Re: [PATCH] KVM: x86: Zap all TDP leaf entries according noncoherent DMA count

From: Yan Zhao
Date: Mon May 08 2023 - 22:06:03 EST


On Mon, May 08, 2023 at 03:19:56PM +0800, Chao Gao wrote:
> On Mon, May 08, 2023 at 11:47:00AM +0800, Yan Zhao wrote:
> >Zap all TDP leaf entries when noncoherent DMA count goes from 0 to !0, or
> >from !0 to 0.
> >
> >When there's no noncoherent DMA device, EPT memory type is
> >((MTRR_TYPE_WRBACK << VMX_EPT_MT_EPTE_SHIFT) | VMX_EPT_IPAT_BIT)
> >
> >When there're noncoherent DMA devices, EPT memory type needs to honor
> >guest CR0_CD and MTRR settings.
> >
> >So, if noncoherent DMA count changes between 0 and !0, EPT leaf entries
> >need to be zapped to clear stale memory type.
> >
> >This issue might be hidden when VFIO adding/removing MMIO regions of the
> >noncoherent DMA devices on device attaching/de-attaching because
> >usually the MMIO regions will be disabled/enabled for several times during
> >guest PCI probing. And in KVM, TDP entries are all zapped on memslot
> >removal.
> >
> >However, this issue may appear when kvm_mmu_zap_all_fast() is not called
> >before KVM slot removal, e.g. as for TDX, only leaf entries for the
> >memslot to be removed is zapped.
> >
> >static void kvm_mmu_invalidate_zap_pages_in_memslot(struct kvm *kvm,
> > struct kvm_memory_slot *slot,
> > struct kvm_page_track_notifier_node *node)
> >{
> > if (kvm_gfn_shared_mask(kvm))
> > /*
> > * Secure-EPT requires to release PTs from the leaf.
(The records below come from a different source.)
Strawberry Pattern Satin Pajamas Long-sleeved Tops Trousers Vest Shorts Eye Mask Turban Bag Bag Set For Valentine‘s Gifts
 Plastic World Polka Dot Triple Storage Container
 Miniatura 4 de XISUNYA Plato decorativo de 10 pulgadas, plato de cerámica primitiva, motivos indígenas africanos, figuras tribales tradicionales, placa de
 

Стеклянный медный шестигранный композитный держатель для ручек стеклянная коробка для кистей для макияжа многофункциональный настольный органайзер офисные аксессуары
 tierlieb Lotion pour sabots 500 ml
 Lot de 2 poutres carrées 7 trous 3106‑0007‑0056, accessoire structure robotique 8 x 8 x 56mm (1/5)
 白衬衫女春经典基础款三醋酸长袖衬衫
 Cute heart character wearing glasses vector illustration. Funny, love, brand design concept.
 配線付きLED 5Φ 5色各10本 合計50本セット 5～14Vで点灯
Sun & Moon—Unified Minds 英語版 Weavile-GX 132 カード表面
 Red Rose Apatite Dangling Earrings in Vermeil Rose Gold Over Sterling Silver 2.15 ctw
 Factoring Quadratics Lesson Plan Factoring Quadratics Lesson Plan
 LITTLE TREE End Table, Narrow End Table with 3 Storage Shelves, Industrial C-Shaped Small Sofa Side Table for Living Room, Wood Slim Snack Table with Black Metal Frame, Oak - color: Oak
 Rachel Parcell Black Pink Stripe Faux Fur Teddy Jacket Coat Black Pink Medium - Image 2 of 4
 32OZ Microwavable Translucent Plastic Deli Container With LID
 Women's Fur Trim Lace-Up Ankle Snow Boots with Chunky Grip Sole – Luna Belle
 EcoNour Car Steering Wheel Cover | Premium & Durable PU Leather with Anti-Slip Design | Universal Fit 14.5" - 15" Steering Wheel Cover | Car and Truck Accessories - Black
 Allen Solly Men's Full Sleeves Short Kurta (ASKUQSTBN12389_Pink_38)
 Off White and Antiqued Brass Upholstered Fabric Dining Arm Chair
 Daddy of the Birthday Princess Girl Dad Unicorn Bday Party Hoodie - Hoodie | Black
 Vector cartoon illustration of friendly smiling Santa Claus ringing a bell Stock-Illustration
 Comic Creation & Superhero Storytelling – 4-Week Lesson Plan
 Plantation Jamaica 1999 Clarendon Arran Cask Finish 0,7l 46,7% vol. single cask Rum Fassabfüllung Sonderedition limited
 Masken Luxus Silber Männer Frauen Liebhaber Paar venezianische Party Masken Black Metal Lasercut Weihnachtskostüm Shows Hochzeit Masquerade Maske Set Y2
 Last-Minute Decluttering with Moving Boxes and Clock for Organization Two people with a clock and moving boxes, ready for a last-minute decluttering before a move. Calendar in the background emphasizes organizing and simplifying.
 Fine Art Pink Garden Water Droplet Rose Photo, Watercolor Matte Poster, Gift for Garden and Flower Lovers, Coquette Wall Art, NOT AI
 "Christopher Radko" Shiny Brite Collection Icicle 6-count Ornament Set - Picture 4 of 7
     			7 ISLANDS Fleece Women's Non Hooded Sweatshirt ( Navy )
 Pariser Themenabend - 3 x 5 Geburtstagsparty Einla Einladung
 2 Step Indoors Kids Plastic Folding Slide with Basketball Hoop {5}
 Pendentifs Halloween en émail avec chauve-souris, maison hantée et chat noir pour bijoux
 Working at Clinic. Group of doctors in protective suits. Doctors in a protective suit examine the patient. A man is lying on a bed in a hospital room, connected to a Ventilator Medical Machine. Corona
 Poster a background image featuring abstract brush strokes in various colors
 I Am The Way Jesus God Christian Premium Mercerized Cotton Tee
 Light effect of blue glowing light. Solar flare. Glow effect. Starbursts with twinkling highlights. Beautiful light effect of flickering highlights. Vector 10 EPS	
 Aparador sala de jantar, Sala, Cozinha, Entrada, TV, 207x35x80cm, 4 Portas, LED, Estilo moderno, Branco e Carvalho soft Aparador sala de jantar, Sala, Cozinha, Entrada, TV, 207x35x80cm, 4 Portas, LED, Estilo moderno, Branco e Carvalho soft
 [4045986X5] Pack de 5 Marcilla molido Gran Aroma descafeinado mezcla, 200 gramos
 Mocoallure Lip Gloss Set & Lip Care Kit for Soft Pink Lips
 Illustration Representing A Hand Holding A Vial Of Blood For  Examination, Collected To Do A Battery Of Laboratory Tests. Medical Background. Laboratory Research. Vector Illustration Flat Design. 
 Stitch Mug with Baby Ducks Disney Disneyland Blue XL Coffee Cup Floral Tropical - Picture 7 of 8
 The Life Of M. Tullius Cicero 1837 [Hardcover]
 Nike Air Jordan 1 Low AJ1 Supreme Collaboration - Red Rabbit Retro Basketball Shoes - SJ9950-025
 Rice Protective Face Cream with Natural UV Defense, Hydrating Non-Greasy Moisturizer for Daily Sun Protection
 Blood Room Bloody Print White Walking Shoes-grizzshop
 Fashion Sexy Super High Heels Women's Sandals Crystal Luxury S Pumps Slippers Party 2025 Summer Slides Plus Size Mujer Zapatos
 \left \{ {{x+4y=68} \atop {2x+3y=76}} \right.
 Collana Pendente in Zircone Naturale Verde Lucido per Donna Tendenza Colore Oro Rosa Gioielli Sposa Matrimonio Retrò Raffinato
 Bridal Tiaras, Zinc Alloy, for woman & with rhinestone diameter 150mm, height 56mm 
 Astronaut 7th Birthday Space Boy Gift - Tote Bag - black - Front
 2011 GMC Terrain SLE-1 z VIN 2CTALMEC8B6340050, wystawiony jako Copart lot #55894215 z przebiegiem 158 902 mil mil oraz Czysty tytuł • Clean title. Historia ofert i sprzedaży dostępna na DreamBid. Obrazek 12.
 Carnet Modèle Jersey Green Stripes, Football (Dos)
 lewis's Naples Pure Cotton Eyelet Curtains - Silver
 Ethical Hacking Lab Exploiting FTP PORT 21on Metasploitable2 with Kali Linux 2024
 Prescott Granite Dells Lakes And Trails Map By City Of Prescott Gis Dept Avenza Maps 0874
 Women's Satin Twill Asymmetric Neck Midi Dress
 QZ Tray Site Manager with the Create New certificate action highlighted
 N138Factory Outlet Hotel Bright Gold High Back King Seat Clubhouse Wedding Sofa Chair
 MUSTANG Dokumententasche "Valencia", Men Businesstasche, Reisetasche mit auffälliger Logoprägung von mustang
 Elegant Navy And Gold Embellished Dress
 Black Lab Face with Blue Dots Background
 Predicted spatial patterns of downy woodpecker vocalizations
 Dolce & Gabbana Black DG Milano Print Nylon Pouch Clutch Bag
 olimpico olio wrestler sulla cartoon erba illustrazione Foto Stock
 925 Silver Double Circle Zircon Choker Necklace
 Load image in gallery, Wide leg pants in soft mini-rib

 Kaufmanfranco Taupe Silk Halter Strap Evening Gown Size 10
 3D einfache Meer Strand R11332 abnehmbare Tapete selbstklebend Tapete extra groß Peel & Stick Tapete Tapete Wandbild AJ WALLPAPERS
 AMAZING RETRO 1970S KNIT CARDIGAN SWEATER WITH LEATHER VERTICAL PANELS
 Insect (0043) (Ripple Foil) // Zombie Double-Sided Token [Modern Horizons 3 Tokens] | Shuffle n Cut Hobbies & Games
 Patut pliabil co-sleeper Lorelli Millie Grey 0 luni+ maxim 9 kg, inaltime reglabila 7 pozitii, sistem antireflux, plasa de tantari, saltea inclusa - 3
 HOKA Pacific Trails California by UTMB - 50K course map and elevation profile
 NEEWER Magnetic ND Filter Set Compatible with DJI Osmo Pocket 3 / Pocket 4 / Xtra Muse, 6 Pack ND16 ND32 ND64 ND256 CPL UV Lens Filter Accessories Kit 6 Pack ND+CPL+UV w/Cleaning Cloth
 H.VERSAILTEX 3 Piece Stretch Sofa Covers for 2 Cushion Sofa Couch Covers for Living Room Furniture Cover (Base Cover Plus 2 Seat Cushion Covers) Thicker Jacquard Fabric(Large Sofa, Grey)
The
> > * optimization to zap root PT first with child PT doesn't
> > * work.
> > */
> > kvm_mmu_zap_memslot(kvm, slot);
> > else
> > kvm_mmu_zap_all_fast(kvm);
> >}
>
> TDX code isn't merged. So, I think you'd better not use TDX as an argument.
>
Ok. But I just want to explain that kvm_mmu_zap_all_fast() is not
desired in some cases during slot DELETE. TDX is a good example here.

> >
> >And even without TDX's case, in some extreme conditions if MMIO regions
> >are not disabled during device attaching, e.g. if guest does not cause
> >the MMIO region disabling in QEMU.
> >Then TDP zap will not be called and wrong EPT memory type might be
> >retained.
> >
> >So, do the TDP zapping of all leaf entries when present/non-present state
> >of noncoherent DMA devices changes to ensure stale entries cleaned away.
> >And as this is not a frequent operation, the extra zap should be fine.
> >
> >Signed-off-by: Yan Zhao <yan.y.zhao@xxxxxxxxx>
> >---
> > arch/x86/kvm/x86.c | 6 ++++--
> > 1 file changed, 4 insertions(+), 2 deletions(-)
> >
> >diff --git a/arch/x86/kvm/x86.c b/arch/x86/kvm/x86.c
> >index e7f78fe79b32..99a825722d95 100644
> >--- a/arch/x86/kvm/x86.c
> >+++ b/arch/x86/kvm/x86.c
> >@@ -13145,13 +13145,15 @@ EXPORT_SYMBOL_GPL(kvm_arch_has_assigned_device);
> >
> > void kvm_arch_register_noncoherent_dma(struct kvm *kvm)
> > {
> >- atomic_inc(&kvm->arch.noncoherent_dma_count);
> >+ if (atomic_inc_return(&kvm->arch.noncoherent_dma_count) == 1)
>
> >+ kvm_zap_gfn_range(kvm, gpa_to_gfn(0), gpa_to_gfn(~0ULL));
>
> The issue is specific to EPT. shouldn't this be conditional on tdp_enabled, like
> update_mtrr()?
>
Yes. good point.
Maybe also include checking of shadow_memtype_mask.

> Likewise, shouldn't we omit to call kvm_zap_gfn_range() in kvm_post_set_cr0() if
> tdp_enabled is false?
I think so.
And also check tdp_enabled and shadow_memtype_mask in the case of update_mtrr().

Will add a helper function in next version.

Thanks, Chao!
>
> > }
> > EXPORT_SYMBOL_GPL(kvm_arch_register_noncoherent_dma);
> >
> > void kvm_arch_unregister_noncoherent_dma(struct kvm *kvm)
> > {
> >- atomic_dec(&kvm->arch.noncoherent_dma_count);
> >+ if (!atomic_dec_return(&kvm->arch.noncoherent_dma_count))
> >+ kvm_zap_gfn_range(kvm, gpa_to_gfn(0), gpa_to_gfn(~0ULL));
> > }
> > EXPORT_SYMBOL_GPL(kvm_arch_unregister_noncoherent_dma);
> >
> >--
> >2.17.1
> >